Tener marco incomparable hace mucho. Sirve incluso para que patochadas como la del parchís gigante -en que, albricias de los nue-vos tiempos, cada ficha es una persona y no cada persona una ficha- o las carreras de velomares queden elevadas no ya al rango de festejos, sino ennoblecidas. Y uno se pregunta cómo no organizarán también concursos de flotadores de rueda de camión -con lo antiguo que harían-, certámenes de embadurnamiento corporal a base de aceites bronceadores -irisarían las aguas de la bahía volviéndola más nácar, digo, más Concha- o campeonatos de a ver quién se lleva más arena entre los dedos de los pies. Y es que con marco incomparable cualquier calendario de fiestas queda de lo más lucido. Pero no siempre ha sido así. Me refiero a que el marco siempre ha estado, sólo que lejos de tomarlo por incomparable se le tomaba por cualquier cosa.Para empezar, durante mucho tiempo nadie lo miró, porque no había perspectiva desde donde hacerlo ya que la ciudad caía del lado de la postal y enfrente sólo prosperaban dunas y parameras.
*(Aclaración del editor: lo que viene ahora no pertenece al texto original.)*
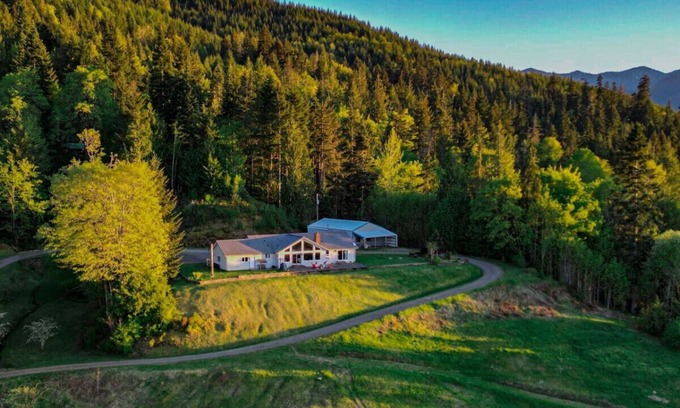 Port Angeles Casa | NEW "Aurora Haven": World Top VIEW 10 Acer Privacy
Se tenía en tan poco eso de la panorámica y el paisaje que la propia isla de Santa Clara no se consideró más que como un espacio apenas digno para enterrar a los herejes. Ni siquiera mejoraron las cosas cuando comenzó el turismo, puesto que un entusiasta de la ciudad -tanto que le dedicó libro-, exclamó que "la Concha era el mejor baño del mundo" y, claro, parece natural que el marco incomparable le solazara dado el incipiente y laborioso desarrollo de los retretes. Hoy las gentes se asoman y meten en el marco incomparable recorriéndolo ávidamente en busca de la fiesta, deseando que esté en cada músico, poeta, saltimbanqui, mago y titiritero arrimado a cada tamarindo -signo de los tiem-pos: no dejan que les filmen emulando en eso a David Copperfield o Prince, ¿por qué iban a ser menos?-, en cada corro que encierra más de lo mismo, sólo para descubrir que la fiesta no es más que un estado mental.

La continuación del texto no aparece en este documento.